Als Jurist kann ich Ihnen sagen: Wenn man eine bestimmte Regelung vorhat, wenn man sie rechtssicher umsetzen will, dann gilt das Prinzip des geringst notwendigen Eingriffs. Man kann manche Sachen auch politisch gewichten und sagen: Wir machen ein Gesetz, weil es uns so am Herzen liegt. Aber es gilt das Prinzip des geringst notwendigen Eingriffs. Unter diesem Primat bedarf es keiner gesetzlichen Verankerung der Schulinspektion.

Schulinspektion, meine Damen und Herren, soll ein modernes Beratungsinstrument für die Schulen und die Schulverwaltungen sein. Ihre Aufgabe ist die Qualitätsermittlung für jede einzelne Schule in Niedersachsen.

(Unruhe - Glocke der Präsidentin)

Sie soll die Stärken, die Schwächen und das Verbesserungspotenzial unserer Schulen analysieren und insbesondere Hilfe zur Selbsthilfe geben. Mit dieser Aufgabe ist die Behörde durch den Kabinettsbeschluss der Landesregierung vom 19. April 2005 gemäß Artikel 38 Abs. 1 der Niedersächsischen Verfassung ordnungsgemäß errichtet worden. Dieses Vorgehen entspricht dem Grundsatz, dass die Behördenorganisation in den Aufgabenbereich der Exekutive fällt. In meinem Ressortbereich ist z.
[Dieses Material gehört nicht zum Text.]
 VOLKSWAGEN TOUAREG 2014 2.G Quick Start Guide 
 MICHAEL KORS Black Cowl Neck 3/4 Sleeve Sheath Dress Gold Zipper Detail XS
B. - ein anderes Feld - das Niedersächsische Landesamt für Lehrerbildung und Schul

entwicklung, das NILS, geregelt, aber nicht Gegenstand einer besonderen schulgesetzlichen Regelung. Das muss auch nicht sein, um gleichwohl als Behörde erfolgreich zu sein. Gerade in einer Zeit, in der wir von Vorschriftenabbau, beweglicher Verwaltungsführung und anpassungsfähiger Behördenorganisation sprechen, ist der Antrag ein bisschen kontraproduktiv.

(Ursula Körtner [CDU]: Nicht nur ein bisschen!)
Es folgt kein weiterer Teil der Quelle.